ACTIVITY: Produce exactly the lines from the one holding "Green Point House" through the last line of the data below, with every picture left out.

DATA SECTION:
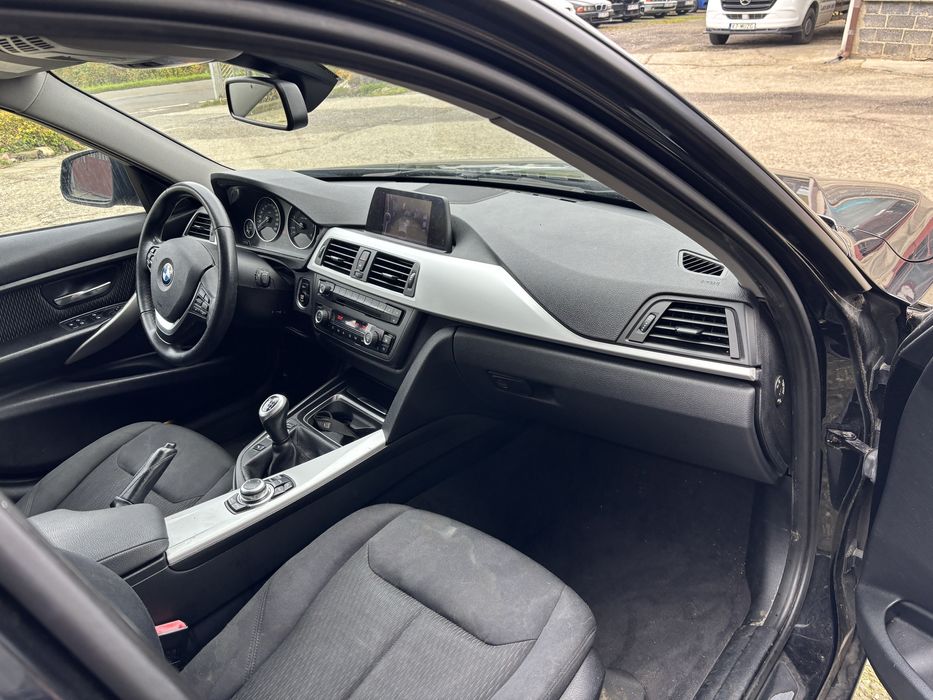 BMW F30 F31 Deska rozdzielcza kokpit konsola napinacz airbag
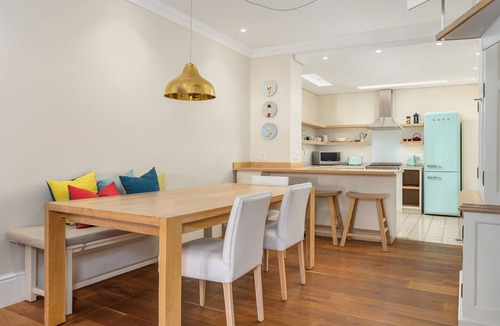 Green Point House | Light and Airy 3 Bedroom Green Point Family Home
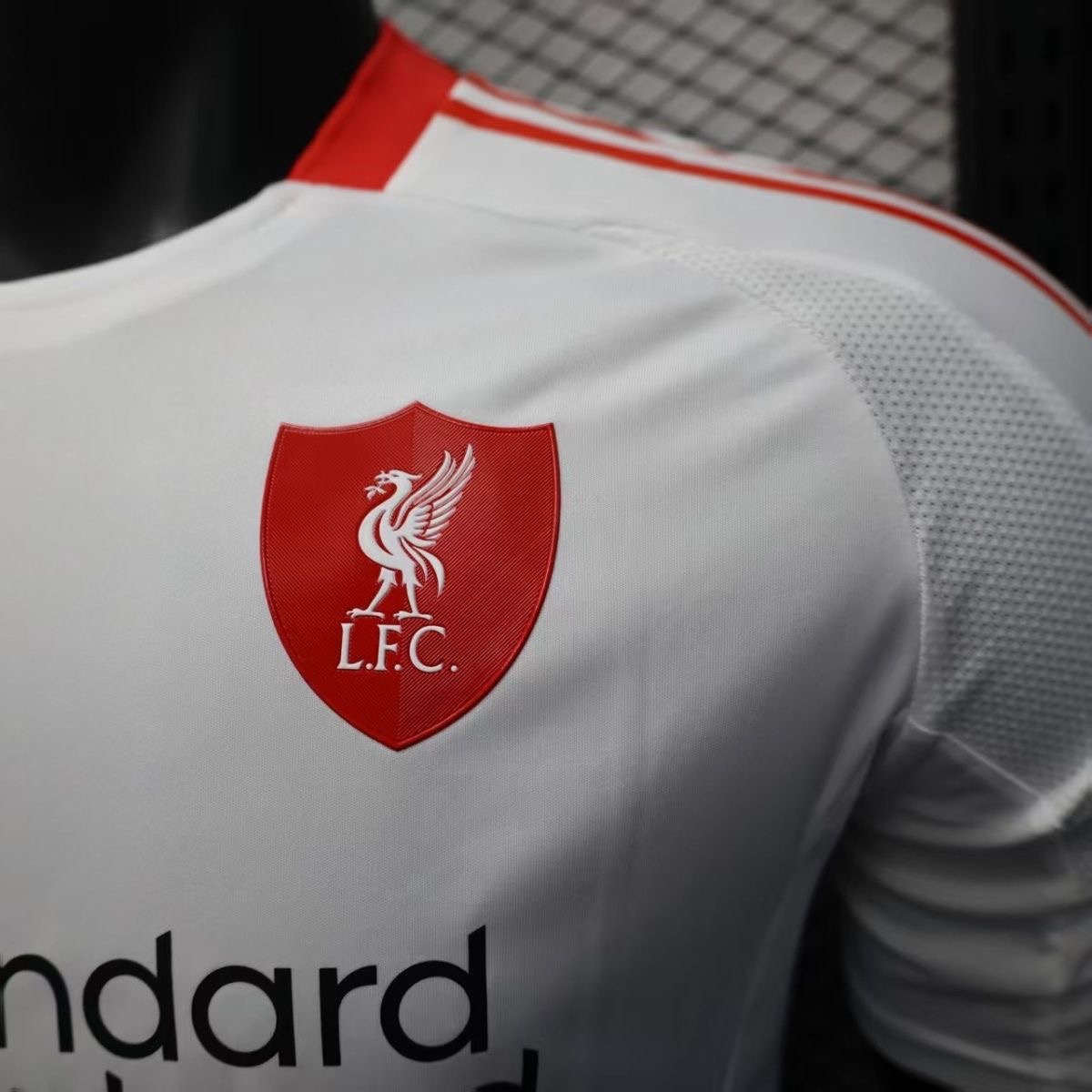 Liverpool's second away player edition football jersey for 2025-2026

EXPECTED ANSWER:
 Green Point House | Light and Airy 3 Bedroom Green Point Family Home
 Liverpool's second away player edition football jersey for 2025-2026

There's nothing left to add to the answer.